Offering a compelling intervention in studies of antebellum writing, Katharine A. Burnett’s Cavaliers and Economists: Global Capitalism and the Development of Southern Literature, 1820–1860 examines how popular modes of literary production in the South emerged in tandem with the region’s economic modernization. In a series of deeply historicized readings, Burnett positions southern literary form and genre as existing in dialogue with the plantation economy’s evolving position in the transatlantic market before the Civil War.

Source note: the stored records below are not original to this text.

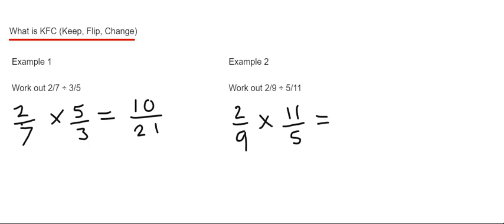And then we multiply the top numbers. So 2 times 11 is 22. And 9 times 5 is 45.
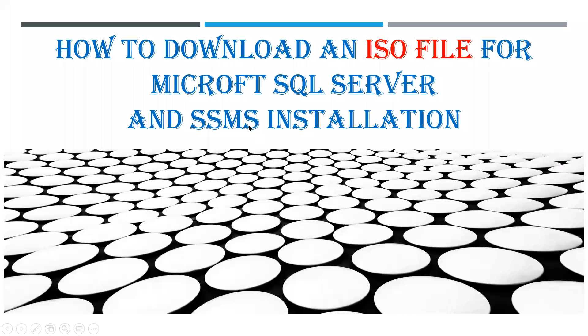In this video, I am going to show you how to download an ISO file for Microsoft SQL Server and SSMS installation.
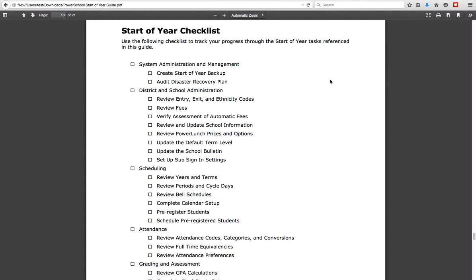Then you're going to review all of the scheduling details. That means pulling up the years and terms, viewing all of the periods, bell cycles, and cycle days, viewing all of the bell schedules, finishing the calendar setup and import so that attendance can be taken for every day, finishing pre-registering any students that need to be entered into the system after the end of year process, and then getting those students scheduled into the courses they want. This is a big job — there is a lot of work that needs to go in to make sure those three checkboxes are completed.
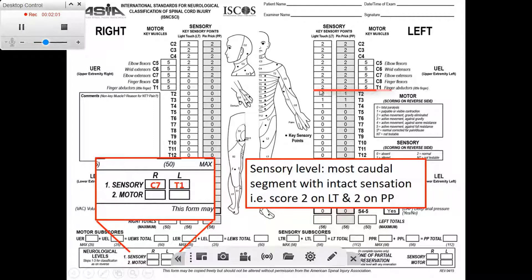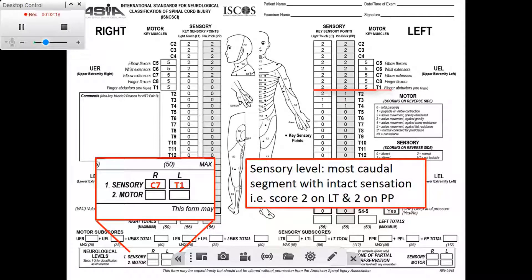All segments above T1 should also have intact sensation. One thing to note is that the sensory level is an intact level — so when I say it's T1, this means that from the top down to and including T1, we have intact sensation. The sensory level is an intact level.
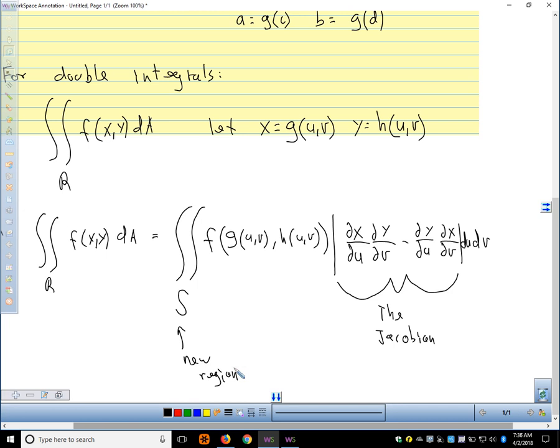The conversion factor is the absolute value of (∂x/∂u · ∂y/∂v − ∂y/∂u · ∂x/∂v), and this quantity is called the Jacobian. We can think of it as our conversion factor from the xy-plane to the uv-plane. S is our new region after we change variables. In polar coordinates, this conversion factor turns out to be r, giving us r dr dθ. For a triple integral in spherical coordinates, the conversion factor turns out to be ρ² sin φ.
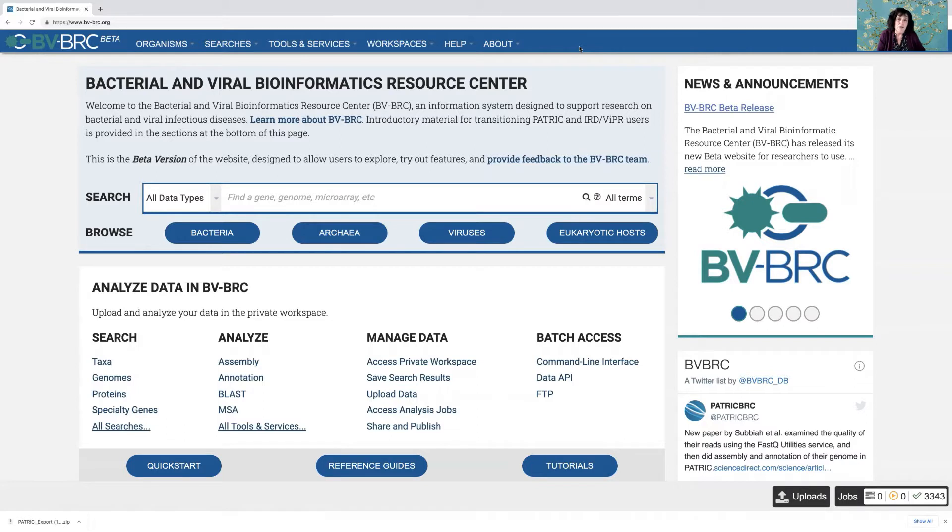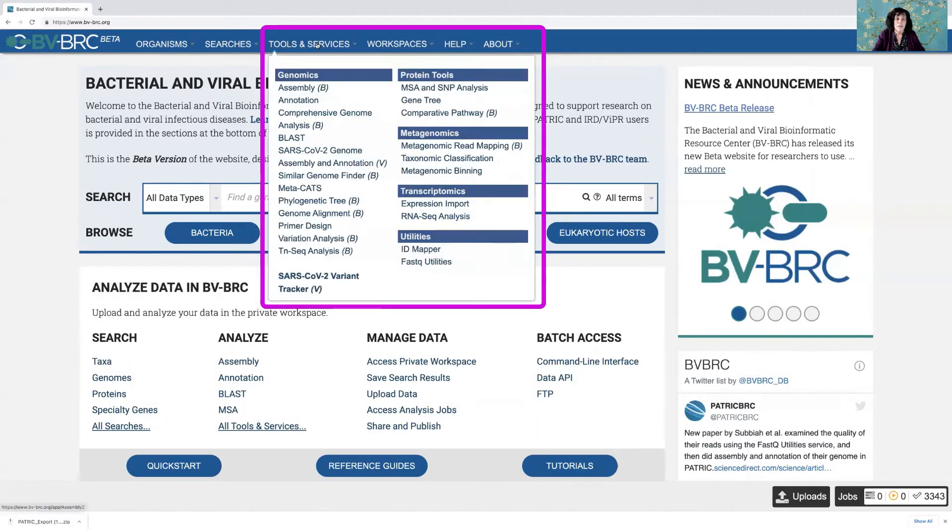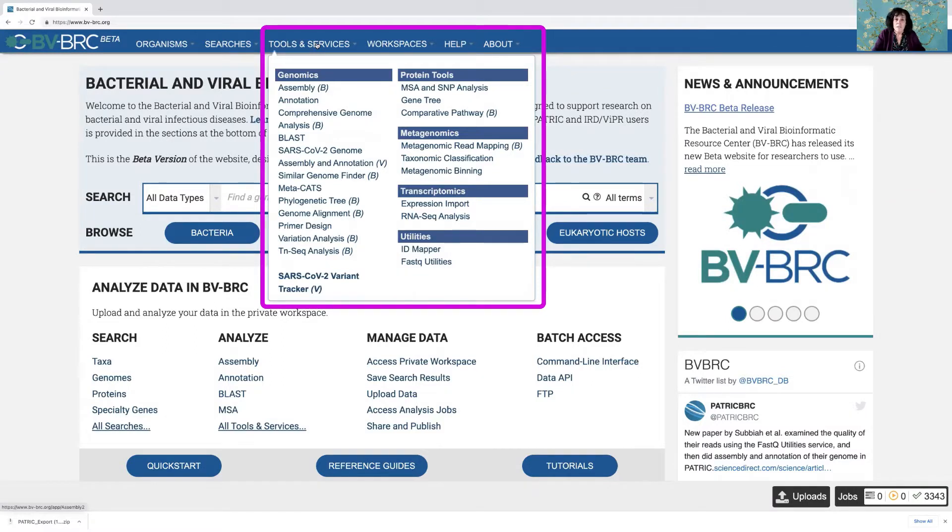So today I'm going to show you how to submit jobs in BVBRC. Let's go to the tools and services tab at the top. So click on that and that opens a dropdown box that shows you all the services and tools that we currently have in BVBRC and we do add them from time to time.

The antebellum southern economy comprised part of a global network of international commerce driven by a version of laissez-faire liberal capitalism that championed unrestricted trade and individual freedom to pursue profit. Yet the economy of the U.S. South consisted of large-scale plantations that used slave labor to cultivate staple crops, including cotton. Each individual plantation functioned as a racially and socially repressive community, a space that seemingly stood apart from the international economic networks that fueled southern capitalism. For writers from the South, fiction became a way to imagine the region as socially and culturally progressive, while still retaining hallmarks of “traditional” southern culture—namely plantation slavery—in the context of a rapidly changing global economy.

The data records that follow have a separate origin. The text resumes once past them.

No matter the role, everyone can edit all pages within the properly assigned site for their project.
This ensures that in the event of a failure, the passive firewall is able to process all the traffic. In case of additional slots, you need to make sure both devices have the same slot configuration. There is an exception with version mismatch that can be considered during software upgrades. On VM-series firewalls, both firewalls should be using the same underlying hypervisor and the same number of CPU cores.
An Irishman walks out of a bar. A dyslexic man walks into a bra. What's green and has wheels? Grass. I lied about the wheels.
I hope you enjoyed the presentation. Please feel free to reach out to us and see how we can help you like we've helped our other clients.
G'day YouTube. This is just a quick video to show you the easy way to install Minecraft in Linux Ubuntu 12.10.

Burnett excavates an elaborate network of transatlantic literary exchange, operating concurrently with the region’s economic expansion, in which southern writers adopted popular British genres, such as the historical romance and the seduction novel, as models for their own representations of the U.S. South. Each chapter focuses on a different genre, pairing largely under-studied southern texts with well-known British works. Ranging from the humorous sketch to the imperial adventure tale and the social problem novel, Cavaliers and Economists reveals how southern writers like Augusta Jane Evans, Johnson Jones Hooper, Maria McIntosh, William Gilmore Simms, and George Tucker reworked familiar literary forms to reinvent the South through fiction.
By considering the intersection of economic history and literary genre, Cavaliers and Economists provides an expansive study of the means by which authors created southern literature in relation to global free market capitalism, showing that, in the process, they re-negotiated and re-justified the institution of slavery.